Crazy people with RMV questions...
Now it gets garaged.


----------



## Guest (Nov 12, 2009)

LGriffin said:


> Crazy people with RMV questions...
> Now it gets garaged.


At least you don't live in Framingham, Marlborough, or Milford !!!!!!


----------



## Rock (Mar 20, 2005)

No knocks on the door but when I was issued my first cruiser, neighbors I had never met decided (after 3 years) to introduce themselves to me. "HEY! So nice to see you!"


----------



## jettsixx (Dec 10, 2005)

LGriffin said:


> Crazy people with RMV questions...


Everytime I get those questions I tell them to post thier questions in the ASK A COP thread on Masscops.com


----------



## 263FPD (Oct 29, 2004)

Sniper said:


> At least you don't live in Framingham, Marlborough, or Milford !!!!!!


Que????



Rock said:


> No knocks on the door but when I was issued my first cruiser, neighbors I had never met decided (after 3 years) to introduce themselves to me. "HEY! So nice to see you!"

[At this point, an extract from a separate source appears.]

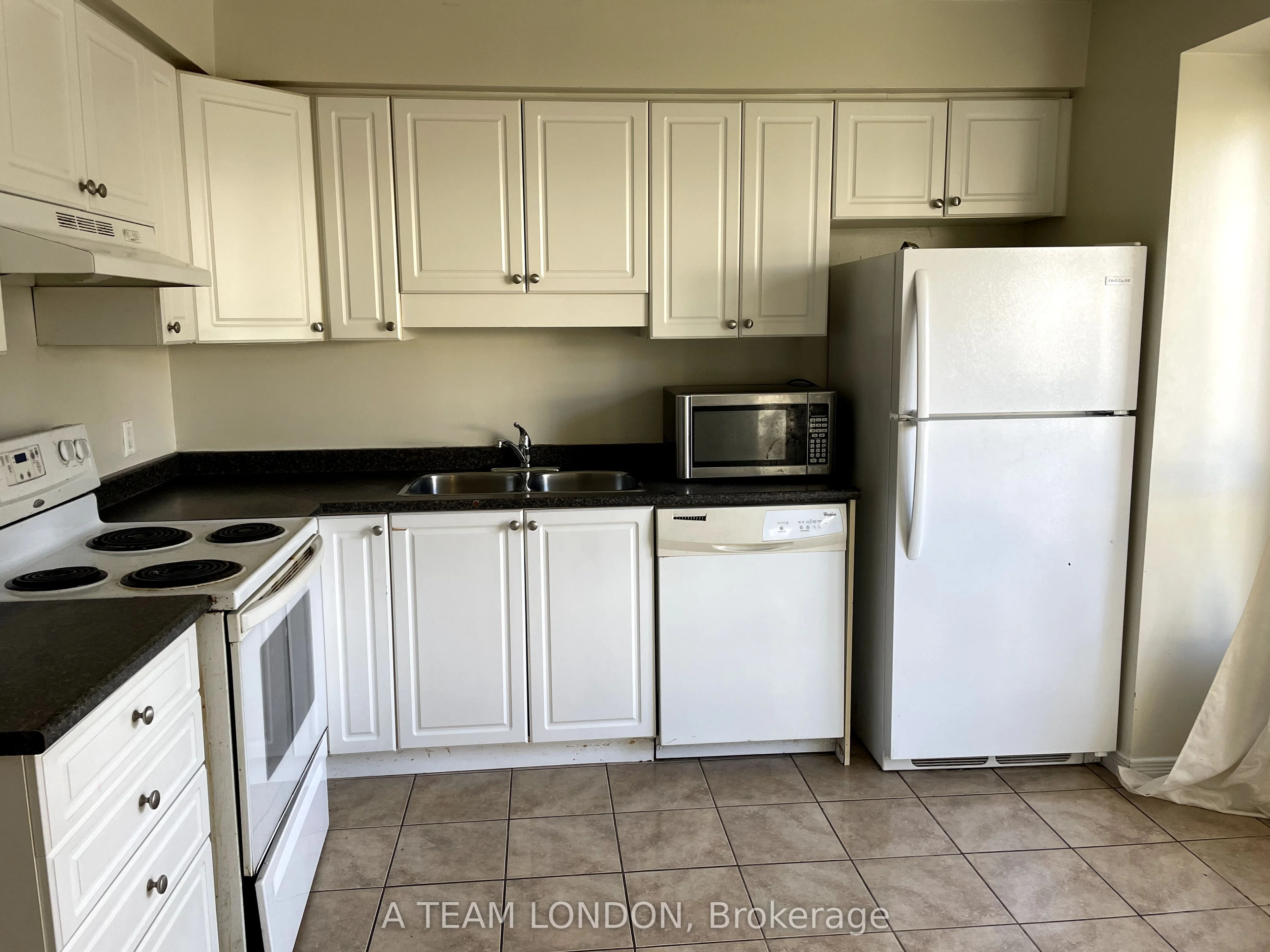 355 Sandringham Crescent 37, London South, ON N6C 5K3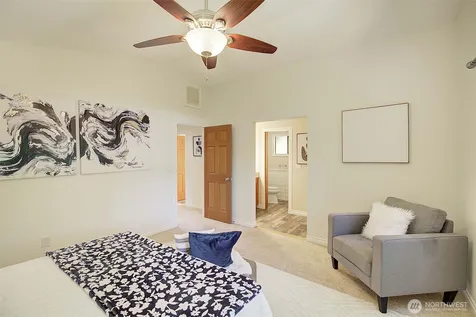 22014 NE 13th Place Sammamish WA 98074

Let me guess, their kid got a ticket for driving like an asshole and they wanted to make friends and eventually work a request of a ***Favor*** in to the conversation. Did they at least bring you Chocolate chip cookies to welcome you to the neighborhood? (after 3 years)


----------



## Piper (Nov 19, 2004)

When I had a take home car as an EPO I lived in an apartment and as I went out running before work I saw a guy waiting in his truck by my cruiser. A couple hours later I am leaving my building in the green suit to start my shift and he is still there. He sees me open up my car at which point he comes over and begins to play "stump the warden" w/ dumbest questions I ever heard. I didnt want to let on that this was where I lived, but he stated that he was driving past saw my cruiser and wanted to know about hunting snapping turtles (insert your joke here). 
I bet if I was on days off that retard would have camped outside my cruiser...


----------



## Tuna (Jun 1, 2006)

At my old house I had many show up with "Q" like " where's the best hunting spot in Billerica" I send everyone to exactly the same place then go check them. Many tickets for violations. You would think if I sent them there I would be around. Had another neighbor who came to complain about another neighbor's dog leaving lawn sausages on his property. Told him to scoop em up and throw em back into dog owners yard. I know that didn't go over big.


----------



## cc3915 (Mar 26, 2004)

Tuna said:


> At my old house I had many show up with "Q" like " where's the best hunting spot in Billerica" I send everyone to exactly the same place then go check them. Many tickets for violations. You would think if I sent them there I would be around. Had another neighbor who came to complain about another neighbor's dog leaving lawn sausages on his property. Told him to scoop em up and throw em back into dog owners yard. I know that didn't go over big.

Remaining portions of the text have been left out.